— Directions —
Begin at the line that holds "Coloriage shopkins cupcake blue pink" and copy each line exactly until the data below ends, including that last line but no pictures.

— Source information —
======
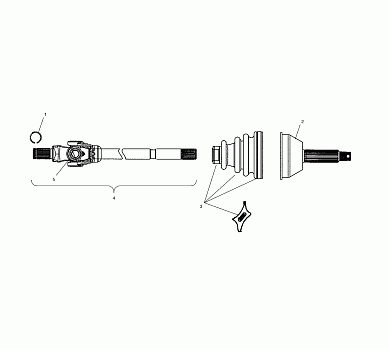 DRIVE SHAFT - A03CD32AA/AB/AC (4975217521B06)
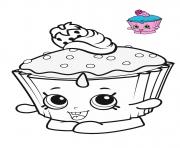 Coloriage shopkins cupcake blue pink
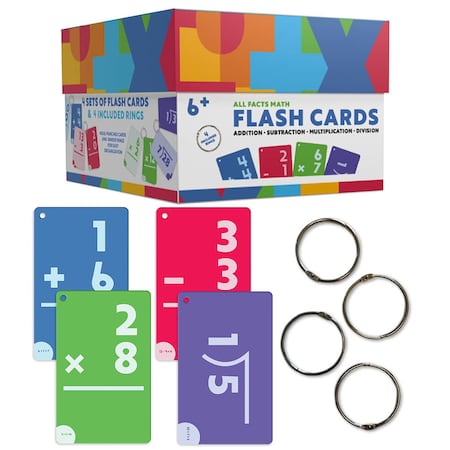 Carson Dellosa All Facts Math Flash Cards 734107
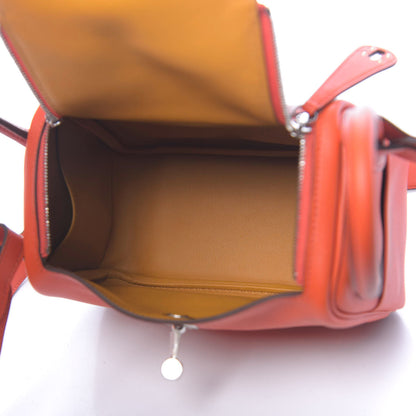 Hermes Swift Verso Mini Lindy 20 Terre Battue Sesame 5 of 11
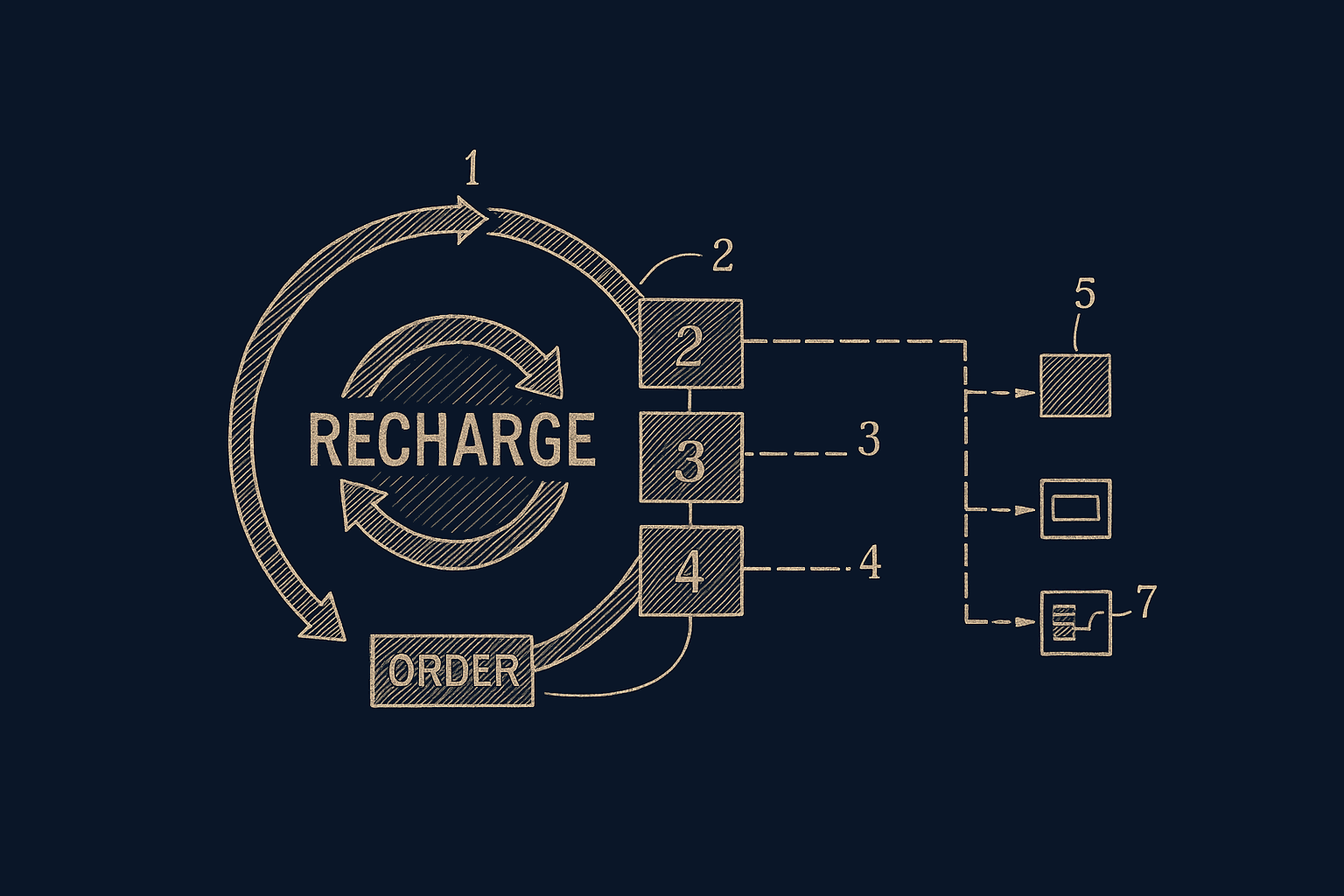 Recharge integration diagram
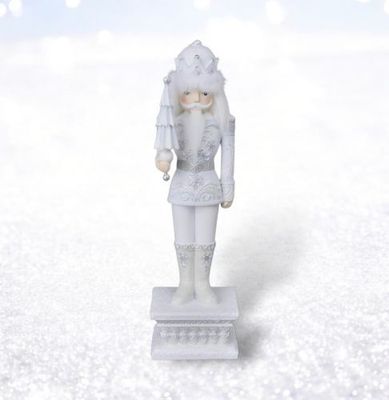 PRE-ORDER 14&quot; White Nutcracker Christmas Decor *SHIPS 8/2025* NEW 2025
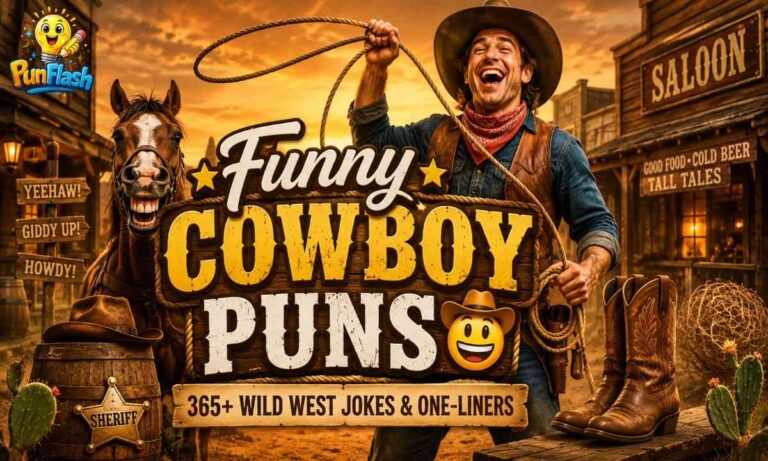 Funny cowboy puns with wild west cowboy jokes and western humor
======
— Task response —
 Coloriage shopkins cupcake blue pink
 Carson Dellosa All Facts Math Flash Cards 734107
 Hermes Swift Verso Mini Lindy 20 Terre Battue Sesame 5 of 11
 Recharge integration diagram
 PRE-ORDER 14&quot; White Nutcracker Christmas Decor *SHIPS 8/2025* NEW 2025
 Funny cowboy puns with wild west cowboy jokes and western humor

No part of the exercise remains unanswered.